| Author | HyeokJin Kim (hyeokjin@lablup.com) |
|---|---|
| Status | Draft |
| Created | 2025-01-15 |
| Created-Version | 26.1.0 |
| Target-Version | 26.1.0 |
| Implemented-Version |
- JIRA: BA-3896
- Parent Epic: BA-3060 (Fair Share Scheduler)
- Related BEP: BEP-1026: Fair Share Scheduler
The Sokovan scheduler currently has the SessionLifecycleHandler pattern for handling session state transitions. However, there are use cases that require periodic observation and recording of data without state changes.
- Kernel usage snapshot: Periodically record resource_usage of running kernels
- Usage aggregation: Aggregate kernel records into user/project/domain buckets
- Fair share calculation: Calculate fair_share_factor from aggregated usage
- Service discovery registration: Register kernel state to service discovery (future)
SessionLifecycleHandler requires state transitions (success_status, failure_status, stale_status). The above use cases:
- Do not change state
- Simply read data and record to external systems
- Do not affect session state even on failure
Therefore, a separate handler pattern is needed.
class SessionLifecycleHandler(ABC):
"""Handler for session state transitions."""
@classmethod
@abstractmethod
def name(cls) -> str: ...
@property
@abstractmethod
def target_statuses(self) -> frozenset[SessionStatus]: ...
@property
@abstractmethod
def target_kernel_statuses(self) -> frozenset[KernelStatus]: ...
@property
@abstractmethod
def success_status(self) -> SessionStatus: ... # State to transition on success
@property
@abstractmethod
def failure_status(self) -> SessionStatus: ... # State to transition on failure
@property
@abstractmethod
def stale_status(self) -> SessionStatus: ... # State to transition on stale
@abstractmethod
async def execute(self, targets: Sequence[TTarget]) -> SessionExecutionResult: ...This pattern is centered on state transitions, making it unsuitable for observation-only tasks.
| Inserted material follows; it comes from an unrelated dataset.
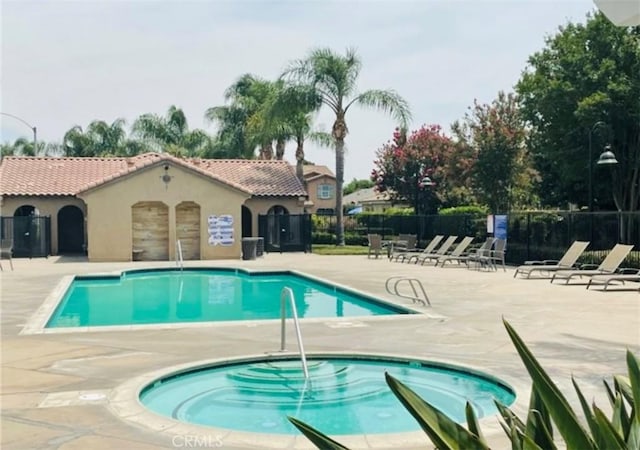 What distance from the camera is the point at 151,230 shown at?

A handler that observes and records data without state transitions.
from __future__ import annotations
from abc import ABC, abstractmethod
from dataclasses import dataclass
from typing import Generic, Sequence, TypeVar
from ai.backend.manager.models.kernel import KernelStatus
from ai.backend.manager.models.session import SessionStatus
TTarget = TypeVar("TTarget")
@dataclass
class ObserverResult:
"""Result of observer execution.
Aligned with SessionExecutionResult field naming convention.
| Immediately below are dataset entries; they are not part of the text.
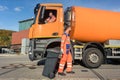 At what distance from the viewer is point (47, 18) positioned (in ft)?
38.7

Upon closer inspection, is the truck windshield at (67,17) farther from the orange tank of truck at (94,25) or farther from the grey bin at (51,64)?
the grey bin at (51,64)

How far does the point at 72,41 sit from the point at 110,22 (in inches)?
83.3

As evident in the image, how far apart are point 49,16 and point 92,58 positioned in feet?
9.22

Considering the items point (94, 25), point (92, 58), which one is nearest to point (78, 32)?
point (94, 25)

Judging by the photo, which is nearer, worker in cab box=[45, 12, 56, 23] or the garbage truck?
the garbage truck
Used for logging and Prometheus metrics collection.
"""
success_count: int = 0
failure_count: int = 0
class ObserverHandler(ABC, Generic[TTarget]):
"""Handler that observes and records data without state changes.
Unlike SessionLifecycleHandler:
- No success_status, failure_status, stale_status
- Observation/recording only, no state changes
- No LockID needed (no state changes)
"""
@classmethod
@abstractmethod
def name(cls) -> str:
"""Handler name."""
raise NotImplementedError
@property
@abstractmethod
def target_statuses(self) -> frozenset[SessionStatus]:
"""Target session statuses. Empty set means no filtering by session status."""
raise NotImplementedError
@property
@abstractmethod
def target_kernel_statuses(self) -> frozenset[KernelStatus]:
"""Target kernel statuses. Empty set means no filtering by kernel status."""
raise NotImplementedError
@abstractmethod
async def execute(self, targets: Sequence[TTarget]) -> ObserverResult:
"""Execute observation on targets."""
raise NotImplementedError
async def post_process(self, result: ObserverResult) -> None:
"""Post-processing (optional). Default: no-op."""
passNo separate Coordinator - add observer registration to existing ScheduleCoordinator.
class ScheduleCoordinator:
_observer_handlers: dict[str, ObserverHandler]
def __init__(self, ...):
...
self._observer_handlers = {}
self._init_observers()
def register_observer(self, handler: ObserverHandler) -> None:
"""Register an observer handler."""
self._observer_handlers[handler.name()] = handler
async def process_observer(self, handler_name: str) -> ObserverResult:
"""Execute observer (no lock needed - no state changes)."""
handler = self._observer_handlers.get(handler_name)
if handler is None:
return ObserverResult()
targets = await self._fetch_observer_targets(handler)
if not targets:
return ObserverResult()
result = await handler.execute(targets)
await handler.post_process(result)
return result
def _init_observers(self) -> None:
"""Initialize observer handlers."""
self.register_observer(UsageRecordObserver(self._processors))
self.register_observer(UsageAggregationObserver(self._processors))
self.register_observer(FairShareCalculationObserver(self._processors))- No separate Coordinator: Integrate into existing
ScheduleCoordinator - No LockID needed: No state changes, so no distributed lock required. Single execution at a point in time is guaranteed by the scheduler task itself.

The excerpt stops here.